_Data shown_
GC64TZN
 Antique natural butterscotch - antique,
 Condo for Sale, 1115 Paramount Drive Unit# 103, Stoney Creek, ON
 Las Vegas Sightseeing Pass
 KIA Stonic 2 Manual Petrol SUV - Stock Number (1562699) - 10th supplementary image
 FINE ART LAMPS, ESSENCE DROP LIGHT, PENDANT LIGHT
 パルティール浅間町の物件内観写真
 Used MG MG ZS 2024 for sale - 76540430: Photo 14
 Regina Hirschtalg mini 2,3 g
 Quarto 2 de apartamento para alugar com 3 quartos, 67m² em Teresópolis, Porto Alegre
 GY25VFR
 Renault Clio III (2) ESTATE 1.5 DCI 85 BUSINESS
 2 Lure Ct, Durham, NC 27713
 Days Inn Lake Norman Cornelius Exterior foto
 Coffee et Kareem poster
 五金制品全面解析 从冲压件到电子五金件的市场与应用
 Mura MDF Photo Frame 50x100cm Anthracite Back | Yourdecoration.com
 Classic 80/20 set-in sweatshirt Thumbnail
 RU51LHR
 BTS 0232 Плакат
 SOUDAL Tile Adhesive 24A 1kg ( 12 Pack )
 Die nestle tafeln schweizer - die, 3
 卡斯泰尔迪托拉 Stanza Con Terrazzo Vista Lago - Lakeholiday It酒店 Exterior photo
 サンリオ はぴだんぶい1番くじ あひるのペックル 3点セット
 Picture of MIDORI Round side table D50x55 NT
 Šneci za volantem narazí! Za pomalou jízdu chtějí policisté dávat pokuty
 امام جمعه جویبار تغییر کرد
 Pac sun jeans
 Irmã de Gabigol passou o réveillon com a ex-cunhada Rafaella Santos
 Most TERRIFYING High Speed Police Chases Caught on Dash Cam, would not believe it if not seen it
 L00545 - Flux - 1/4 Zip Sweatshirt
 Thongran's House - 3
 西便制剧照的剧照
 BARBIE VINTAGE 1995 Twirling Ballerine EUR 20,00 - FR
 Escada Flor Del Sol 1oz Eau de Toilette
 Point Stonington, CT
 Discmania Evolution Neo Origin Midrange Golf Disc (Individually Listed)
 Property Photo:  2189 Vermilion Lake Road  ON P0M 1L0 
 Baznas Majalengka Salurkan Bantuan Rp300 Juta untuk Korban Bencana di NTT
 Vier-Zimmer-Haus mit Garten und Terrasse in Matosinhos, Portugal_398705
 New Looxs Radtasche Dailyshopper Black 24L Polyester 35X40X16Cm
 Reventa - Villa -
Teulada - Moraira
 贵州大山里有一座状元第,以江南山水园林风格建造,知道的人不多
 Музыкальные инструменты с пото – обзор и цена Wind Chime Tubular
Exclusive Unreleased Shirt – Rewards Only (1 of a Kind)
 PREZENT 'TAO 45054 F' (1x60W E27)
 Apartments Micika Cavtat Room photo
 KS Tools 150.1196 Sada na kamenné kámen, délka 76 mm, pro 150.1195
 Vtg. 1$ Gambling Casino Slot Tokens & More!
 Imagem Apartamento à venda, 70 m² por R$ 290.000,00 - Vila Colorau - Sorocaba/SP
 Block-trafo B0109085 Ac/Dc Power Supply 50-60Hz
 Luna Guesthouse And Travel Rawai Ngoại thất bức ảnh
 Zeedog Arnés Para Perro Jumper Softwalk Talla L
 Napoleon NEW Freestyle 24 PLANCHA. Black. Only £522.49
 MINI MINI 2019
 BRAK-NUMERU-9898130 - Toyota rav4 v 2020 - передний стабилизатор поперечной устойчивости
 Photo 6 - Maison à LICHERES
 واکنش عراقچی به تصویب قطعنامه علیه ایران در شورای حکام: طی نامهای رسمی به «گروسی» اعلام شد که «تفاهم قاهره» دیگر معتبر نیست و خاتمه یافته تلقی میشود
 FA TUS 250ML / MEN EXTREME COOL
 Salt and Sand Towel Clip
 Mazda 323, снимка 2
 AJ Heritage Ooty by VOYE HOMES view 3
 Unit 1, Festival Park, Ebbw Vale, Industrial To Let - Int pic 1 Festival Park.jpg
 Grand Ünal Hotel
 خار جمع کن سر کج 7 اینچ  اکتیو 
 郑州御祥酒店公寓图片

_What the exercise asks_
Output the entire listing above without leaving out or altering anything.

_Task solution_
GC64TZN
 Antique natural butterscotch - antique,
 Condo for Sale, 1115 Paramount Drive Unit# 103, Stoney Creek, ON
 Las Vegas Sightseeing Pass
 KIA Stonic 2 Manual Petrol SUV - Stock Number (1562699) - 10th supplementary image
 FINE ART LAMPS, ESSENCE DROP LIGHT, PENDANT LIGHT
 パルティール浅間町の物件内観写真
 Used MG MG ZS 2024 for sale - 76540430: Photo 14
 Regina Hirschtalg mini 2,3 g
 Quarto 2 de apartamento para alugar com 3 quartos, 67m² em Teresópolis, Porto Alegre
 GY25VFR
 Renault Clio III (2) ESTATE 1.5 DCI 85 BUSINESS
 2 Lure Ct, Durham, NC 27713
 Days Inn Lake Norman Cornelius Exterior foto
 Coffee et Kareem poster
 五金制品全面解析 从冲压件到电子五金件的市场与应用
 Mura MDF Photo Frame 50x100cm Anthracite Back | Yourdecoration.com
 Classic 80/20 set-in sweatshirt Thumbnail
 RU51LHR
 BTS 0232 Плакат
 SOUDAL Tile Adhesive 24A 1kg ( 12 Pack )
 Die nestle tafeln schweizer - die, 3
 卡斯泰尔迪托拉 Stanza Con Terrazzo Vista Lago - Lakeholiday It酒店 Exterior photo
 サンリオ はぴだんぶい1番くじ あひるのペックル 3点セット
 Picture of MIDORI Round side table D50x55 NT
 Šneci za volantem narazí! Za pomalou jízdu chtějí policisté dávat pokuty
 امام جمعه جویبار تغییر کرد
 Pac sun jeans
 Irmã de Gabigol passou o réveillon com a ex-cunhada Rafaella Santos
 Most TERRIFYING High Speed Police Chases Caught on Dash Cam, would not believe it if not seen it
 L00545 - Flux - 1/4 Zip Sweatshirt
 Thongran's House - 3
 西便制剧照的剧照
 BARBIE VINTAGE 1995 Twirling Ballerine EUR 20,00 - FR
 Escada Flor Del Sol 1oz Eau de Toilette
 Point Stonington, CT
 Discmania Evolution Neo Origin Midrange Golf Disc (Individually Listed)
 Property Photo:  2189 Vermilion Lake Road  ON P0M 1L0 
 Baznas Majalengka Salurkan Bantuan Rp300 Juta untuk Korban Bencana di NTT
 Vier-Zimmer-Haus mit Garten und Terrasse in Matosinhos, Portugal_398705
 New Looxs Radtasche Dailyshopper Black 24L Polyester 35X40X16Cm
 Reventa - Villa -
Teulada - Moraira
 贵州大山里有一座状元第,以江南山水园林风格建造,知道的人不多
 Музыкальные инструменты с пото – обзор и цена Wind Chime Tubular
Exclusive Unreleased Shirt – Rewards Only (1 of a Kind)
 PREZENT 'TAO 45054 F' (1x60W E27)
 Apartments Micika Cavtat Room photo
 KS Tools 150.1196 Sada na kamenné kámen, délka 76 mm, pro 150.1195
 Vtg. 1$ Gambling Casino Slot Tokens & More!
 Imagem Apartamento à venda, 70 m² por R$ 290.000,00 - Vila Colorau - Sorocaba/SP
 Block-trafo B0109085 Ac/Dc Power Supply 50-60Hz
 Luna Guesthouse And Travel Rawai Ngoại thất bức ảnh
 Zeedog Arnés Para Perro Jumper Softwalk Talla L
 Napoleon NEW Freestyle 24 PLANCHA. Black. Only £522.49
 MINI MINI 2019
 BRAK-NUMERU-9898130 - Toyota rav4 v 2020 - передний стабилизатор поперечной устойчивости
 Photo 6 - Maison à LICHERES
 واکنش عراقچی به تصویب قطعنامه علیه ایران در شورای حکام: طی نامهای رسمی به «گروسی» اعلام شد که «تفاهم قاهره» دیگر معتبر نیست و خاتمه یافته تلقی میشود
 FA TUS 250ML / MEN EXTREME COOL
 Salt and Sand Towel Clip
 Mazda 323, снимка 2
 AJ Heritage Ooty by VOYE HOMES view 3
 Unit 1, Festival Park, Ebbw Vale, Industrial To Let - Int pic 1 Festival Park.jpg
 Grand Ünal Hotel
 خار جمع کن سر کج 7 اینچ  اکتیو 
 郑州御祥酒店公寓图片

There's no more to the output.